A great number of deverbal nouns has several different subcategorisation frames which have to be expressed appropriately in DESCRIPTIONs. This is due to various syntactic realisations of a complement (syntactic alternations) in a given POSITION, similarly to deverbal constructions. Alternations also occur combined with facultative realisation; the latter being pertinent to noun complementation.

On the other hand, one and the same surface realisation (syntactic category) can be assigned different syntactic functions depending on the underlying logical structure, e.g. a genitive phrase (G) or a prepositional phrase (PP-af) in nominal constructions can function as the subject or object of the head noun, e.g. fremstilling (account, statement, presentation, etc.; production, manufacture, etc.). Even if both complements are omitted the sentence still remains well-formed, as in the following example

(Moderens) fremstilling (af begivenhederne) er ganske præcis.

(Lit.: The mother's presentation of the events is quite accurate.)

Moderens fremstilling er ganske præcis.

(Lit.: The mother's presentation is quite accurate.)

Begivenhedernes fremstilling er ganske præcis.

(Lit.: The events' presentation is quite accurate.)

Fremstillingen af moderen / af begivenhederne er ganske præcis.

(Lit.: The presentation of the mother / of the events is quite accurate.)

Fremstillingen er ganske præcis.

(Lit.: The presentation is quite accurate. Others: The account, statement,

exposition.../ production, manufacturing...)

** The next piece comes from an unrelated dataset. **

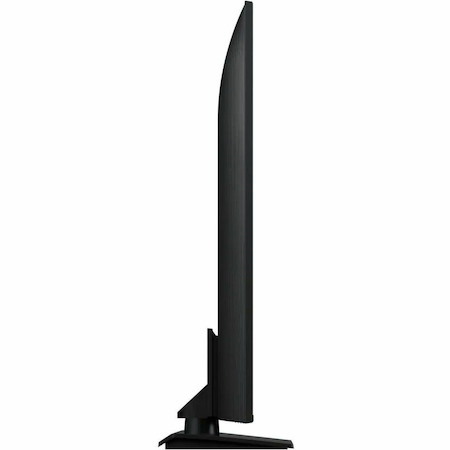 Samsung HG50U701FNF 50" LED-LCD TV - 4K UHDTV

These examples show the patterns of deverbal nouns having both a predicative noun and a function noun reading. In such cases the function reading, being always avalent, coincides with the predicative reading with the optional complements omitted. For details the reader is referred to [l ] and [10].

Needless to say that a polysemantic base verb, such as fremstille (produce, make, etc.; give an account of, state, picture, represent, etc.) gives rise to several further combinations, including idiomatic expressions like fremstille ngn. i retten (bring sby before the court, lit.: present sby in the court).

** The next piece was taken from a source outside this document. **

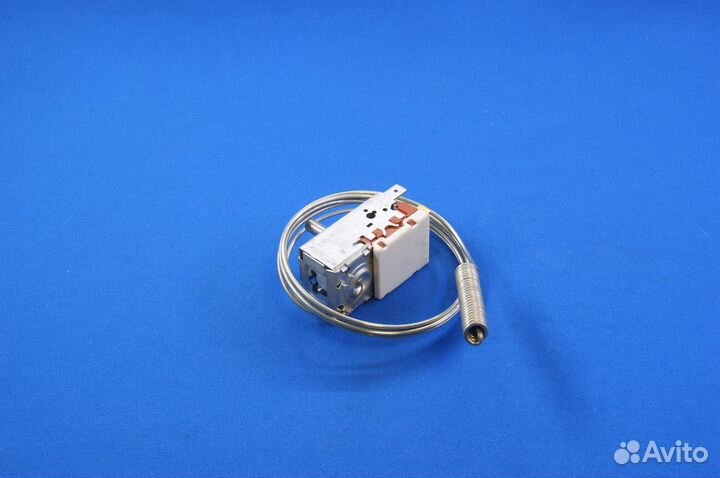 Термостат для пивоохладителей K-50 (H2005002)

DESCRIPTIONs of a SynU are based on its various types of immediate syntactic contexts, i.e. CONSTRUCTIONs. The structural design of the PAROLE model allows for a certain degree of freedom in choosing encoding strategies, viz.

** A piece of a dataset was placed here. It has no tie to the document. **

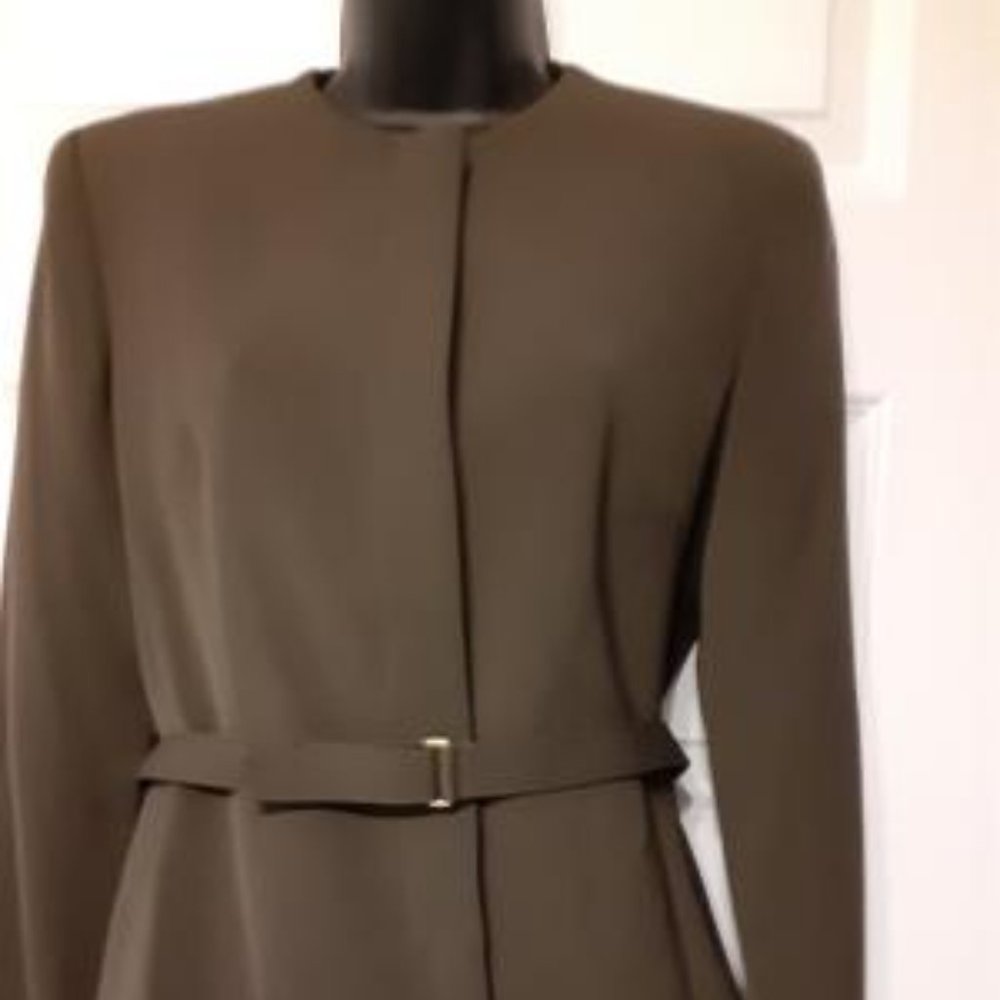 Jones New York Career Blazer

underspecifying by giving one single, simple DESCRIPTION in case of optional realisation of the complement(s) with marking of (all) the POSITION(s) as optional: appropriate solution e.g. for encoding predicative and function noun readings by means of one DESCRIPTION
specifying explicitly by giving individual DESCRIPTIONs for each combination of optionality, syntactic function and syntactic realisation of each POSITION: used in the case of syntactic alternation based on some differences in argument structure or in the case of conditioned obligatoriness
relating the individually given DESCRIPTIONs to each other: used in the case of simple syntactic alternations, e.g. reciprocal alternation
related DESCRIPTIONs can be organised compactly by linking multiple explicit DESCRIPTIONs within one FRAMESET: particularly useful when many SynUs share the same set of DESCRIPTIONs.
4 Corpus-supported work

The number of nouns to be encoded in the lexicon is 12,000 whereof approx. 7,000 are avalent (zerovalent) thus they share one single DESCRIPTION (Code=Dn0). The remainder shows a great diversity of subcatergorisation features also because of morphological and semantic dissimilarities in nouns. This gives rise to the elaboration of a great number of DESCRIPTIONS (currently more than sixty but this figure may change during the ongoing revision). Corpus investigations provided the necessary basis for this work; we have frequently consulted the corpus of the Dictionary of Contemporary Danish (DDO) that contains 40 M tokens. It is the largest general language electronic text collection in Denmark. In addition, dictionaries, reference books and re-use of lexical data supported the work.

Ideally, the encoding of each entry should be based on corpus analysis as it is also argued for in Biber [2] and Hanks [7]. However, due to time constraints we were forced to restrict corpus searches to the most difficult or complicated cases. As a starting point we had hypotheses about the syntactic behaviour we were looking for and we also consulted dictionaries for relevant information. However, noun complementation seems to be a somewhat neglected field at least in traditional dictionaries.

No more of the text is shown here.